I protagonisti delle due culture

    Pasquale Grasso

    Pasquale Grasso

    Chitarrista jazz tra i più apprezzati al mondo, Pasquale Grasso è nato ad Ariano Irpino nel 1988 e attualmente vive a New York. Nel termpo ha sviluppato una tecnica molto originale, ispirata dai pionieri del bebop, come Bud Powell, Charlie Parker e Dizzy Gillespie e arricchita da una formazione musicale classica. Definito una decina di anni fa dal grande Pat Metheny <<il miglior chitarrista ascoltato in tutta la mia vita>>, Pasquale Grasso continua ad affiancare allo studio e alla didattica una frenetica attività concertistica nei più prestigiosi locali di Manhattan.

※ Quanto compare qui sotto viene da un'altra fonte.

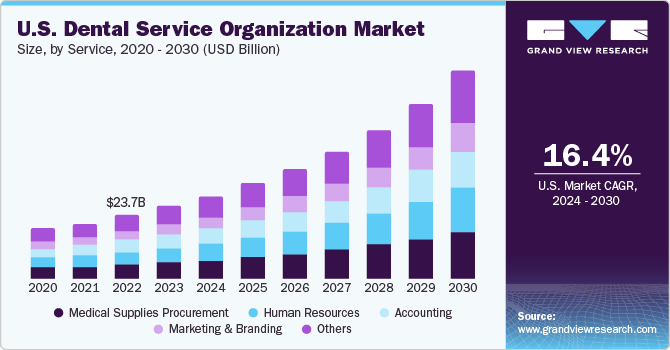 U.S. dental service organization market size and growth rate, 2024 - 2030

    Nel 2015 ha pubblicato il suo primo album, ‘Reflections of Me’. Nello stesso anno ha vinto, a New York, il 'Wes Montgomery International Jazz Guitar Competition'. Nel 2017 ha firmato con la Sony Masterworks.
    Raffinato interprete, ad oggi può vantare anche 25 composizioni proprie. Vincitore di un Grammy nel 2023 per l’accompagnamento con chitarra in un album della nuova stella del canto jazz, Samara Joy, è stato ‘Migliore chitarrista 2023-2024’ nella categoria ‘The Rising Star Guitar’ per la celebre rivista ‘DownBeat’.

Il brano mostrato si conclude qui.